By Sarah Baicker, Medill News Service
RISMEDIA, Oct. 8, 2007-Even the smallest efforts to conserve energy make a difference. Whether it’s reusing towels, saving gasoline by driving hybrid cars or just turning off the TV when leaving a room, simple actions yield results.
Questions, however, do arise when it comes to getting Americans to actually engage in such energy-saving behaviors. But that problem may be closer than ever to an answer, thanks to simple psychology. In the battle to get Americans to conserve energy, one researcher has found, it seems a most unlikely tactic works best: peer pressure.
Robert B. Cialdini, a social psychologist and Regents’ Professor of psychology and marketing at Arizona State University in Tempe, has been researching relationships between psychology and pro-environmental action since the early 1990s.
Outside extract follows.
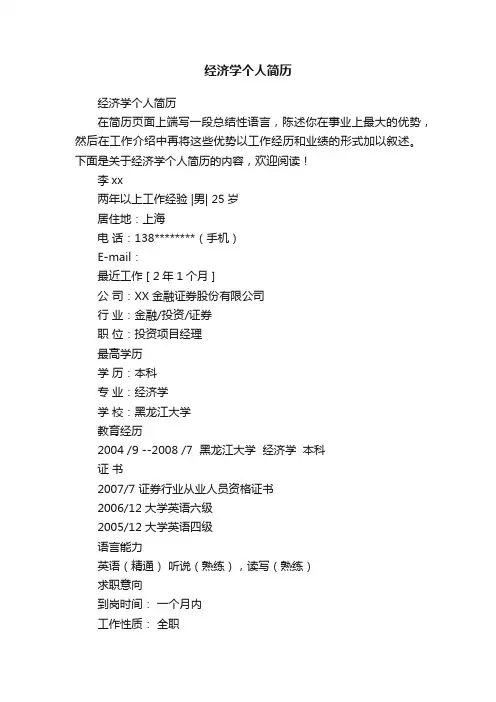 经济学个人简历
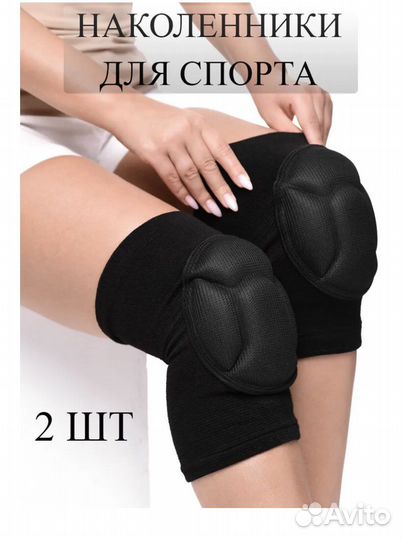 Аренда шлем, чехол на сноуборд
He addressed the House Science and Technology Subcommittee on Research and Science Education last week with some of his recent findings.
Cialdini pointed to a pair of studies that he conducted that began with a simple survey distributed to about 3,000 Californians. It asked respondents to select which of four factors would best motivate them to conserve energy: conserving because it saves money; conserving to preserve the earth; conserving in order to be a socially responsible citizen; and conserving because most others in the neighborhood were conserving.
“They indicated that their neighbors’ behaviors would be of little impact on their own,” Cialdini said of the survey’s respondents. But when he looked at what they did, compared to what they said, “the only factor that had any significant impact on whether they conserved energy was their perceptions of what their neighbors were doing.”
Surprised, Cialdini did a follow-up experiment in which his team of researchers hung signs on doors of homes in San Marcos, Calif., asking homeowners to conserve energy. Each sign contained a message that reflected one of the four factors examined in the survey.
Yet again, the only message that had any effect on the homeowners’ behavior was the one that stated the majority of others in the neighborhood were choosing to conserve. And this time, the evidence was measurable: Homeowners who received the sign asking them to conserve because most others in their neighborhood did reduce their energy-use by two kilowatt hours.
As effective as peer pressure appears to be, the technique has yet to be harnessed in real-world situations.
“The people who generate the messages don’t believe that this simple information can be so motivating,” Cialdini said. “There is a great tendency to under recognize the power of social norms, what those around us are doing and approving of.”
When told of the Cialdini’s studies, Howard Page, chair of the Mississippi Chapter of the Sierra Club said they “make sense.”
But just as Cialdini found, Page also said that the Sierra Club doesn’t employ such “peer pressuring” tactics when urging conservation. Instead, Page said, the Sierra Club primarily attempts to appeal to people’s ethics and desire to save money. Both, Cialdini demonstrated, had minimal effect on people’s actions. Page did say he saw the advantages of peer pressure in spreading conservation messages, and can envision the Sierra Club one day utilizing Cialdini’s findings.
“I can absolutely see the social pressures working,” Page said. “If you’re a mom in a neighborhood where everyone else on your block drives an SUV, you probably don’t feel too bad. But if everyone else drives a hybrid, well, that pressure works both ways.”